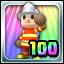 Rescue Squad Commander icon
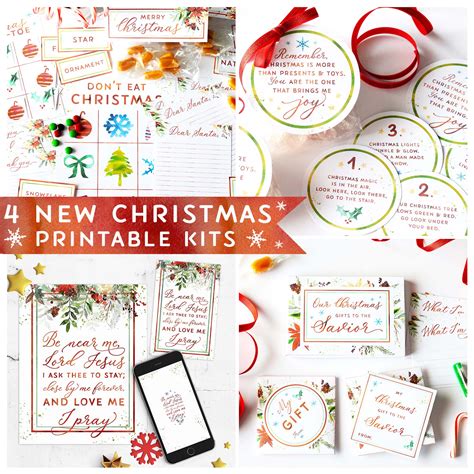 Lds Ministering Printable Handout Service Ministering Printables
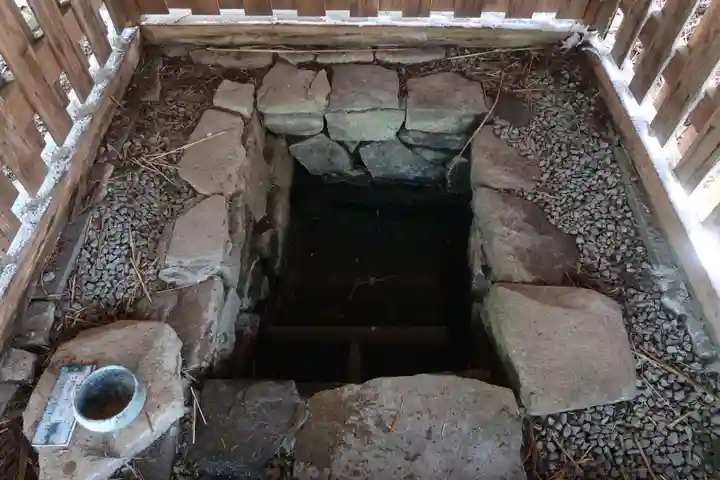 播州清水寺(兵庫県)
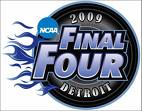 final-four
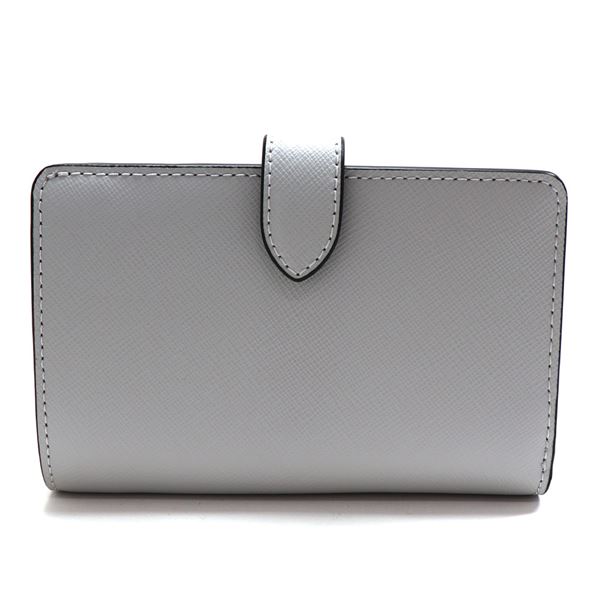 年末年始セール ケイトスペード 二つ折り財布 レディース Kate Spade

⁂

What to produce:
Every line of the listing is to be repeated exactly, and the pictures are to be dropped.

Response:
 Rescue Squad Commander icon
 Lds Ministering Printable Handout Service Ministering Printables
 播州清水寺(兵庫県)
 final-four
 年末年始セール ケイトスペード 二つ折り財布 レディース Kate Spade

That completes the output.